Rocket Ships and Dinosaurs!



This story featuring the character Rocky X (and with that blond hair, he's obviously no relation to Malcolm X), titled "Horror On Kallaxyn," is from Boy Illustories #96, December 1953. I've seen a few of the Rocky X stories and they seem to be part of some long continuity, but it doesn't seem to hurt the story much to get dropped in to the storyline as we are with this episode.

The story was drawn by Ralph Mayo, a comic book artist who had worked for Standard Comics doing work in various genres, but he seemed especially good at love comics. Mayo also did the Crimebuster strip in this issue of Boy, where he signed the splash panel.

The dinosaurs in the Rocky X story appear to be drawn by none other than Joe Kubert. Mayo didn't use the motion and "shock" lines external to the figures like Kubert did, and the dinosaurs look a lot like the dinos Kubert did for his Tor books. Mayo could have swiped them from Kubert's strip, or Kubert could have drawn them himself. There was a connection: Kubert's business partner in those days, Norman Maurer, was the principal artist on the Crimebuster strip for several years, and also drew some of the Rocky X stories I've seen. So did Kubert draw the dinosaurs in this story? I don't know for sure, but in the production of comic books with strict deadlines I've learned that any kind of artist crossover was possible.

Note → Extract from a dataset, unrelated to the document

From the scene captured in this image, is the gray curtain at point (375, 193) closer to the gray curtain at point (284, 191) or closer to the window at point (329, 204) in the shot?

As a bonus, I'm including a full-page ad from the same issue of Boy. This is for a Tom Corbett, Space Cadet Sonic Vision helmet, with a one-way visor. It claims invisibility, but as I found out when I was a kid, everyone knew who I was underneath the helmet. "You see people--they can't see you!" Sure.

Click on pictures for full-size images.

I love the other claims in this ad: "…sensational discovery is as new as the hydrogen bomb! As exciting as a ride through space! Makes you a super space cadet!" Overstatement was not a concept unknown to this copywriter, and in those days the term "space cadet" didn't mean the same thing as it came to mean years later.